Given data:
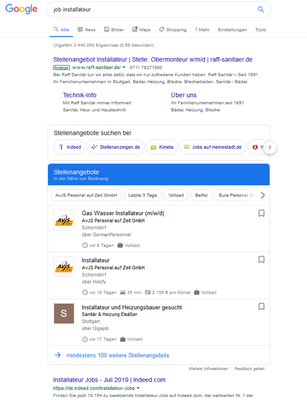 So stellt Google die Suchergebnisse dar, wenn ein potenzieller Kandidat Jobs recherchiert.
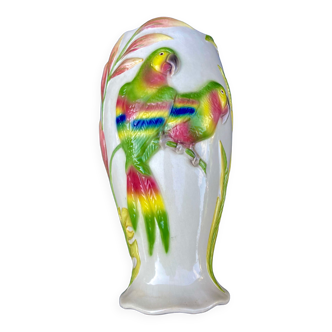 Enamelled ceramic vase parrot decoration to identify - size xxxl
---
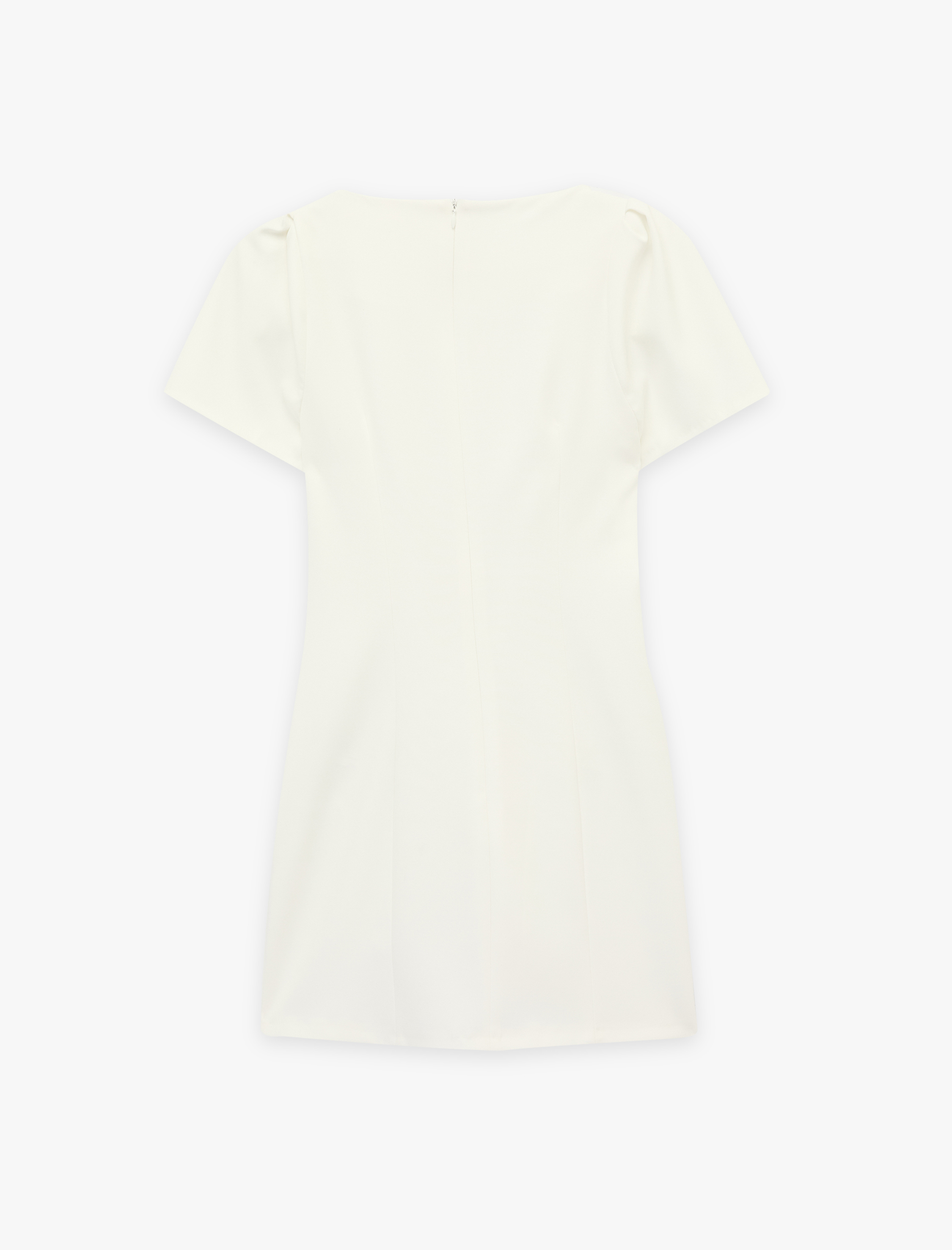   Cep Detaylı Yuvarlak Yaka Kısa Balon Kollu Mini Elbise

Problem to work on:
From the line containing "So stellt Google" through the line containing "Enamelled ceramic vase", copy every line above exactly, without pictures.

Your solution:
 So stellt Google die Suchergebnisse dar, wenn ein potenzieller Kandidat Jobs recherchiert.
 Enamelled ceramic vase parrot decoration to identify - size xxxl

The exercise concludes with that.